Venda () or Tswetla was a Bantustan in northern South Africa, which is fairly close to the South African border with Zimbabwe to the north, while to the south and east, it shared a long border with another black homeland, Gazankulu. It is now part of the Limpopo province. Venda was founded as a homeland by the South African government for the Venda people, speakers of the Venda language. The United Nations and international community refused to recognise Venda (or any other Bantustan) as an independent state.

History

Venda was declared self-governing on 1 February 1973, with elections held later in the year. Further elections were held in July 1978. The territory was declared independent by the South African government on 13 September 1979 and its residents lost their South African citizenship. In common with the other Bantustans, its independence was not recognised by the international community.
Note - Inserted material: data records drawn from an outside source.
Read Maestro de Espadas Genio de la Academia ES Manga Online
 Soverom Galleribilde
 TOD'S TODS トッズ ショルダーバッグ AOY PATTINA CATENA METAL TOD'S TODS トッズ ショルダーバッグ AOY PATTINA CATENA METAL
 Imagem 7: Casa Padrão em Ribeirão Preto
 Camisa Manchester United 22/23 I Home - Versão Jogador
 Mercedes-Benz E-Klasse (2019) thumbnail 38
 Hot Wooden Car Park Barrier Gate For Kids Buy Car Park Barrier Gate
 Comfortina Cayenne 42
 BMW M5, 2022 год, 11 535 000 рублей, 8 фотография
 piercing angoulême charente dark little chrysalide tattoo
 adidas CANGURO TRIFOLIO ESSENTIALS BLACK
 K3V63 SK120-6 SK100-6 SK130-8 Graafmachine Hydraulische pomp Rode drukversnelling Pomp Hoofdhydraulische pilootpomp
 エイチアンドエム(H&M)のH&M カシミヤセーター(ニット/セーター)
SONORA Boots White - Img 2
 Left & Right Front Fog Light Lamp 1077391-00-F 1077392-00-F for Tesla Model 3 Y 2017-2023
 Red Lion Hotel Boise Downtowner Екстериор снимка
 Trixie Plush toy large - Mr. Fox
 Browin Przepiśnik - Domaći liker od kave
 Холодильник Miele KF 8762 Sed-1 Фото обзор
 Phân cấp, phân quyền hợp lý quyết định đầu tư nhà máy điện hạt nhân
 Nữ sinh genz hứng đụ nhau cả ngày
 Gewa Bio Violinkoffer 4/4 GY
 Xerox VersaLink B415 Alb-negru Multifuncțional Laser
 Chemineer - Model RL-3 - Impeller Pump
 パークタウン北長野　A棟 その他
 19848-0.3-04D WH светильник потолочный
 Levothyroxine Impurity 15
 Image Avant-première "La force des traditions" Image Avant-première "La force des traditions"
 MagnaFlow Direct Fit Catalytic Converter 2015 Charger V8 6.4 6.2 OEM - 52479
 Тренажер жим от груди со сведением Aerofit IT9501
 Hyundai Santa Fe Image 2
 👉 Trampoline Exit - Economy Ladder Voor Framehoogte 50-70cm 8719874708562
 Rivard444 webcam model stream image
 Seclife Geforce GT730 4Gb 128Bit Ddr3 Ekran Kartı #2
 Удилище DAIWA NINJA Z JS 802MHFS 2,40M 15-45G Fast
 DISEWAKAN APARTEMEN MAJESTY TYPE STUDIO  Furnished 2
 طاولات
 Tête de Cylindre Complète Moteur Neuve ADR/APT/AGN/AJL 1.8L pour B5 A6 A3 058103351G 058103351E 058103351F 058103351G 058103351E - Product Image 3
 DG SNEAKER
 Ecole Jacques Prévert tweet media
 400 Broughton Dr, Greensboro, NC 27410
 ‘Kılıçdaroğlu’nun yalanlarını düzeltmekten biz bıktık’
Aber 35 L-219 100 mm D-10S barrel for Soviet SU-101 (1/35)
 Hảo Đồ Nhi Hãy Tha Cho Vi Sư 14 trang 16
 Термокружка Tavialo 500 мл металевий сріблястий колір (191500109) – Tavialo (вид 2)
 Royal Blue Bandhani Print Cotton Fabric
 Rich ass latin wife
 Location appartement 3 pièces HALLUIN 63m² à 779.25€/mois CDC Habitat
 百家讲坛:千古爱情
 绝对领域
Venda was initially a series of non-contiguous territories in the Transvaal, with one main part and one main exclave. Its capital, formerly at Sibasa, was moved to Thohoyandou (which included the old Sibasa administrative district) when Venda was declared independent in 1979. Prior to independence it was expanded to form one contiguous territory, with a total land area of 6,807 km² (2628 sq. mi.). In the 1984 elections the ruling Venda National Party retained its position as ruling party, beating the perpetual opposition Venda Independent People's Party (VIPP).

At independence in 1979, the population of Venda stood at about 200,000 people. The state was cut off from neighbouring Zimbabwe by the Madimbo corridor, patrolled by South African troops, to the North, and from nearby Mozambique by the Kruger National Park.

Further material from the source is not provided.